Je vous confirme l’engagement d’OSEO, qui propose d'accompagner la mise en place de l'EIRL. OSEO offrira à la banque une garantie à hauteur de 70 % des crédits. La banque s'engageant pour sa part à ne retenir que les garanties sur les actifs affectés à l'activité, et pas les biens personnels de l’entrepreneur. Cette garantie aura un coût, bien sûr, estimé à 1,20 % de l’encours par an. Mais ce coût est raisonnable au regard de la sécurisation qu’elle apporte aux différentes parties prenantes, l’entrepreneur d’une part et l’établissement bancaire de l’autre.
Michel HOUEL et la commission de l’Economie ont aussi souhaité s’appuyer sur ce texte pour opérer la fusion des entités juridiques d’OSEO. Je souscris à cette démarche, qui renforcera l’efficacité de l’action d’OSEO à destination des entreprises individuelles. La crise a démontré, sur le terrain, l'intérêt et la pertinence d'un véritable "guichet unique" au service des entrepreneurs, pour les aider à innover et se développer. Ce guichet unique, s'il existe sur le terrain, il reste à le traduire définitivement dans la réalité juridique de l'organisation du groupe, héritée du passé (BDPME, Sofaris, ANVAR) pour éliminer les multiples circuits administratifs, comptables, financiers qui n'apportent aucune plus-value, bien au contraire.
J’attends de cette opération un meilleur service d’OSEO en faveur des entreprises bénéficiaires, ainsi que la réalisation d’économies (environ 3,8 M€ par an) grâce aux gains de productivité qui seraient générer.
Pour réussir, l’EIRL aura aussi besoin d’être accompagné. Un dispositif nouveau, pour s’imposer, doit être valorisé, promu, mais plus simplement encore doit faire l’objet de conseils pour que les futurs bénéficiaires soient éclairés et rassurés.
Aussi, je vous annonce aujourd’hui que nous signerons d’ici la fin du mois un partenariat avec l’ordre des experts comptables, afin de créer un site internet qui, à l’instar de ce qui avait été réalisé pour l’auto-entrepreneur, deviendra le guichet de renseignement, de promotion et de conseil pour l’ensemble des professionnels. Ce site, opérationnel dès le mois de mai, s’intitulera www.infoeirl.fr.
Dans le même esprit, je compte m’appuyer sur les réseaux consulaires pour qu’ils promeuvent ce statut auprès de leurs adhérents.

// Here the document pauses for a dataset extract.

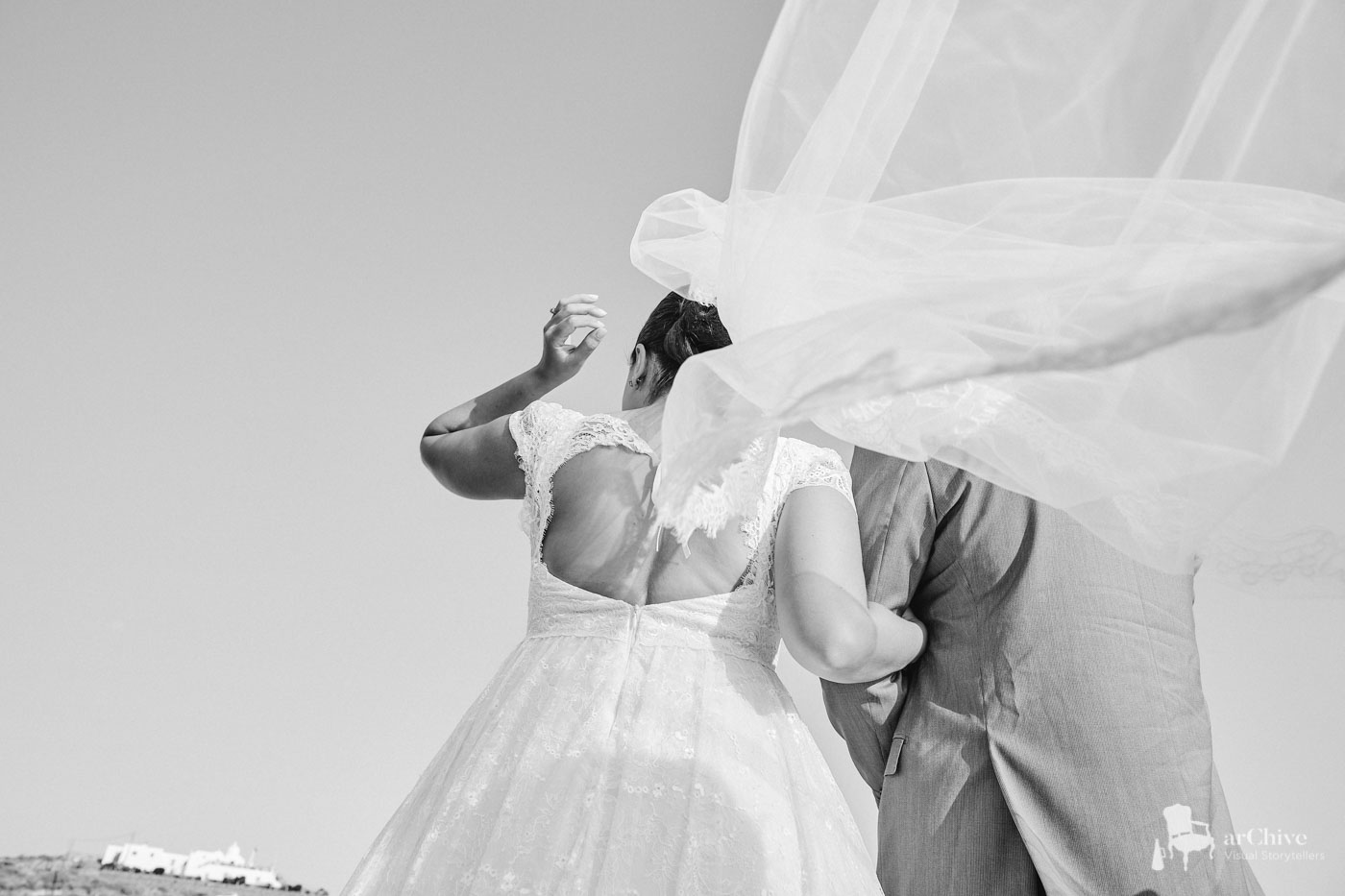 get married sifnos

En conclusion, Mesdames et Messieurs les Sénateurs, je voudrais vous dire que nous avons l’occasion de répondre à une demande historique – et légitime – des artisans et des commerçants. Ce n’est pas seulement le Ministre qui vous parle ici, mais aussi l’ancien porte parole et rapporteur des lois MADELIN en 1993 et de la loi DUTREIL en 2004. A chaque fois, l’entreprise à patrimoine affecté nous avait été présentée par les professionnels comme la mesure essentielle à adopter, comme la revendication numéro 1 des artisans. Aujourd’hui nous avons l’occasion d’accéder à cette demande, après un combat dont il ne faut pas sous-estimer l’intensité. Je veux que les professionnels, en premier lieu les artisans et leurs organisations professionnels, s’emparent de cette avancée, en fassent la promotion et contribuent à son succès en relayant l’information sur le terrain. La réussite de cette mesure se jugera au nombre d’EIRL créée, bien sûr, mais aussi surtout à la fin de ces situations tragiques de petits entrepreneurs qui après un coup durs se voyaient ruinés financièrement, et souvent psychologiquement et humainement.
Je vous remercie de votre attention.